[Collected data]
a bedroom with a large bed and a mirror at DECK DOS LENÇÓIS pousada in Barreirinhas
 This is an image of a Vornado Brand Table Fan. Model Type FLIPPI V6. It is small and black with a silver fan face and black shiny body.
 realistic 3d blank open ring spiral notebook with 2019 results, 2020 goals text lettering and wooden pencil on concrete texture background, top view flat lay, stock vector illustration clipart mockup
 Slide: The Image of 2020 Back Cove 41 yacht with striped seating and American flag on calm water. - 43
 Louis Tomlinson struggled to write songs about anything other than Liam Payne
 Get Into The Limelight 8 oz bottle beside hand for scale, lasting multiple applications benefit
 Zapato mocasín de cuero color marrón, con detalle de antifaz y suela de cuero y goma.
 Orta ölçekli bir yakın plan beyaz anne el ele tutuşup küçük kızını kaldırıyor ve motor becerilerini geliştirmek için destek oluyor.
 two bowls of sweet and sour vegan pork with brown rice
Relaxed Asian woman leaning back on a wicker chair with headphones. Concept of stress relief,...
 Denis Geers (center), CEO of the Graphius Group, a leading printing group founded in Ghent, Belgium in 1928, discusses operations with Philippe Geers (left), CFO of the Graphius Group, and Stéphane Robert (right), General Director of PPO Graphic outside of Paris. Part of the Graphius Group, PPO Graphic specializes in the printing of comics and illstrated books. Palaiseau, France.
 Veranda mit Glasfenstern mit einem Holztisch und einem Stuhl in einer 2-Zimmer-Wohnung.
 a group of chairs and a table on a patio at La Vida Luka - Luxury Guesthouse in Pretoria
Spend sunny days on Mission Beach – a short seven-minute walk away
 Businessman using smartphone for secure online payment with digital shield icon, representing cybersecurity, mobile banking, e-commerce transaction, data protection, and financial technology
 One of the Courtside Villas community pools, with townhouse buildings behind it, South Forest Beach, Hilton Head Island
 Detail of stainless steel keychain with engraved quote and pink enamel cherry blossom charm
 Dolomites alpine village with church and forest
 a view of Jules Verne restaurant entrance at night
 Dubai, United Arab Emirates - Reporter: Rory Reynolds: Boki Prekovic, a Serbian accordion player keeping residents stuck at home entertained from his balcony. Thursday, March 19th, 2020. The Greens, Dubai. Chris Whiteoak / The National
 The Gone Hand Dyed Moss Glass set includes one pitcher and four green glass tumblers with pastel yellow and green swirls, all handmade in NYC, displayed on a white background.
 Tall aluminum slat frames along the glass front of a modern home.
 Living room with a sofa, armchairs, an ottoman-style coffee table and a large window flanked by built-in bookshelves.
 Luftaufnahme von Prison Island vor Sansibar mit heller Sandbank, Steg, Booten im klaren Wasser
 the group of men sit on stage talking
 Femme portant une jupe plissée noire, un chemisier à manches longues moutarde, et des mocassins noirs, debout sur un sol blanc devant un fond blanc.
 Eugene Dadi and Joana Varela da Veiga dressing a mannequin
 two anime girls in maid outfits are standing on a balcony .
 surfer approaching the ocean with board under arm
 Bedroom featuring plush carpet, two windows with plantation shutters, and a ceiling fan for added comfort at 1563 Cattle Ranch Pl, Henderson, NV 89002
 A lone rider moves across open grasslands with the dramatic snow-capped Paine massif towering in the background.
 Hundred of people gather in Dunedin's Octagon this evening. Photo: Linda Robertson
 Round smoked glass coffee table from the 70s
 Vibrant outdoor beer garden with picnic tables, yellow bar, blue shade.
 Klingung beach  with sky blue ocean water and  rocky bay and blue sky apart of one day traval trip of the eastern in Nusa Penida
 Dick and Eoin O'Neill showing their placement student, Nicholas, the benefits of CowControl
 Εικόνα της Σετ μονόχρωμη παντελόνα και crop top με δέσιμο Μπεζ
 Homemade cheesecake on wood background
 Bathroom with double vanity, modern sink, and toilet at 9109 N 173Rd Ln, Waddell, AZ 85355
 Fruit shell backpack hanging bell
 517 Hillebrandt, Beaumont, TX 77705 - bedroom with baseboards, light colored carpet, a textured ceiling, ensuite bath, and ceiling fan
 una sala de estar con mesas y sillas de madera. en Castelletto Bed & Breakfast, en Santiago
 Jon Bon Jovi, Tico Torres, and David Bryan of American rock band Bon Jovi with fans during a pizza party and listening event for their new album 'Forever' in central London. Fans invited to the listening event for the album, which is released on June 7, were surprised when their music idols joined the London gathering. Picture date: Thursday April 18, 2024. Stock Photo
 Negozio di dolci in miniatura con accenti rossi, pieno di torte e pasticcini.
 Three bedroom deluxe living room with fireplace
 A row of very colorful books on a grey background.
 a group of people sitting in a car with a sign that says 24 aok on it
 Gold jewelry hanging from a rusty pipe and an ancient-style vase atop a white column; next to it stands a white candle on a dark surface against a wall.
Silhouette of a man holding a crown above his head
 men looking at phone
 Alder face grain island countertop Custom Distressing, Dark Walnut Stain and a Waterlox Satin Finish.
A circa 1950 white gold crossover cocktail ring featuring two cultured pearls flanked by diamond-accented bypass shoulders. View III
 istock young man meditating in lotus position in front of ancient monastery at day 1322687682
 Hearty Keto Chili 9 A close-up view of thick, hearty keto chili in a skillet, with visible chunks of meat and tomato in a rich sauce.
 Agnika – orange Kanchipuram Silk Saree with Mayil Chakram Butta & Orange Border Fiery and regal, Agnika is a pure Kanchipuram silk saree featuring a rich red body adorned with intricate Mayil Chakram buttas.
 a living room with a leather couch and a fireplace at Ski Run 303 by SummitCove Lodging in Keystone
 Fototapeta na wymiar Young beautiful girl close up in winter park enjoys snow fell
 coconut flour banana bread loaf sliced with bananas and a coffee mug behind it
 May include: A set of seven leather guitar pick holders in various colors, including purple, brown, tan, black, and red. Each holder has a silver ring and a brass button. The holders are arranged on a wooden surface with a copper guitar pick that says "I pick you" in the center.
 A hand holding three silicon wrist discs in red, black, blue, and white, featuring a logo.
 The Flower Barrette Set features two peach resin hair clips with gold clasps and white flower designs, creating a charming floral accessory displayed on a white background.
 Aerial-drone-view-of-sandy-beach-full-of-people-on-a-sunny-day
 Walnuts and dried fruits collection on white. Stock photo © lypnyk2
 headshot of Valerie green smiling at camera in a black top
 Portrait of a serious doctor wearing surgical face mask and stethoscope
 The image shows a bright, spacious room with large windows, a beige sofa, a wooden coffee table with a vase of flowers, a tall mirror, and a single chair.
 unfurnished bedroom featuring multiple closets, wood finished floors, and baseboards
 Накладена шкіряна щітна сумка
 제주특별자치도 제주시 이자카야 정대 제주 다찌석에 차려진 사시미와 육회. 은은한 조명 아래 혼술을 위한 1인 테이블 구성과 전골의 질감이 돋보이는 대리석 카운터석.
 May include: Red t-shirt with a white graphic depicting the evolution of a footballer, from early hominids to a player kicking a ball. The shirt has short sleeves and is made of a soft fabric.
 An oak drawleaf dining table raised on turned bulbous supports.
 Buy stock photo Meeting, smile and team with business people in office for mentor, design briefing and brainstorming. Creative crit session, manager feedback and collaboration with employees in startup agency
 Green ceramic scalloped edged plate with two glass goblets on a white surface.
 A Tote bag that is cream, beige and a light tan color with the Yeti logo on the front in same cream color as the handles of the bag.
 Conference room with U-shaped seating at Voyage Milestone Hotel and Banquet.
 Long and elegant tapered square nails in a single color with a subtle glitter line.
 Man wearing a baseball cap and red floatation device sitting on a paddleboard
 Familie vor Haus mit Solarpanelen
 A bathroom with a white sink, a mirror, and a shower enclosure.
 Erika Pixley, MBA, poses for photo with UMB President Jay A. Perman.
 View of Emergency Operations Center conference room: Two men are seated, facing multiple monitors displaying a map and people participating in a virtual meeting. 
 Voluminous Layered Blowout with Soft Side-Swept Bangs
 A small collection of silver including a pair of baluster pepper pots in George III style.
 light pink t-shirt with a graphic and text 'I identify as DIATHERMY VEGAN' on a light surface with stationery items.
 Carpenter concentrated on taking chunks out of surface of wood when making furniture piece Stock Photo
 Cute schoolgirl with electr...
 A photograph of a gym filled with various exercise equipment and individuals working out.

* **REQUIRED ACTION**: In the data above, start at the line that has "One of the Courtside", stop after the line that has "two anime girls", and print every line in between exactly as it stands.

* **RESULT OF THIS EXERCISE**:
 One of the Courtside Villas community pools, with townhouse buildings behind it, South Forest Beach, Hilton Head Island
 Detail of stainless steel keychain with engraved quote and pink enamel cherry blossom charm
 Dolomites alpine village with church and forest
 a view of Jules Verne restaurant entrance at night
 Dubai, United Arab Emirates - Reporter: Rory Reynolds: Boki Prekovic, a Serbian accordion player keeping residents stuck at home entertained from his balcony. Thursday, March 19th, 2020. The Greens, Dubai. Chris Whiteoak / The National
 The Gone Hand Dyed Moss Glass set includes one pitcher and four green glass tumblers with pastel yellow and green swirls, all handmade in NYC, displayed on a white background.
 Tall aluminum slat frames along the glass front of a modern home.
 Living room with a sofa, armchairs, an ottoman-style coffee table and a large window flanked by built-in bookshelves.
 Luftaufnahme von Prison Island vor Sansibar mit heller Sandbank, Steg, Booten im klaren Wasser
 the group of men sit on stage talking
 Femme portant une jupe plissée noire, un chemisier à manches longues moutarde, et des mocassins noirs, debout sur un sol blanc devant un fond blanc.
 Eugene Dadi and Joana Varela da Veiga dressing a mannequin
 two anime girls in maid outfits are standing on a balcony .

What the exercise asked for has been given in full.